▶ [Work request] Copy exactly the lines of the data below that run from the line holding "Image for Flush-N-Go 3320 Portable Toilet" through the line holding "CEPILLO ELECTRICO GHD GLIDE B1C002", both ends included.

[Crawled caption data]
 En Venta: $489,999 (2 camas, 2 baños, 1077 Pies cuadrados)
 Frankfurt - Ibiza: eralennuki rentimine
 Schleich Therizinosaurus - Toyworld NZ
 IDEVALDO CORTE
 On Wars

---

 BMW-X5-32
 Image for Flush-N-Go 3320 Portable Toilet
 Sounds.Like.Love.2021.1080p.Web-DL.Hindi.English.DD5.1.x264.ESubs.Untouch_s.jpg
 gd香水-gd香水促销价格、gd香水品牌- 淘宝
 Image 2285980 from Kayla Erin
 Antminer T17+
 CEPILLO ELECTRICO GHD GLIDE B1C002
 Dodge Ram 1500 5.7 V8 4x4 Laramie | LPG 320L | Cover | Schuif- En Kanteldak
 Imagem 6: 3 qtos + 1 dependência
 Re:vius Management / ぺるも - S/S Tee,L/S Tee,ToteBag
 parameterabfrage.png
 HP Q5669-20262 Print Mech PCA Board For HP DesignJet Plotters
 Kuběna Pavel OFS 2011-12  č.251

▶ [Solution to the problem]
 Image for Flush-N-Go 3320 Portable Toilet
 Sounds.Like.Love.2021.1080p.Web-DL.Hindi.English.DD5.1.x264.ESubs.Untouch_s.jpg
 gd香水-gd香水促销价格、gd香水品牌- 淘宝
 Image 2285980 from Kayla Erin
 Antminer T17+
 CEPILLO ELECTRICO GHD GLIDE B1C002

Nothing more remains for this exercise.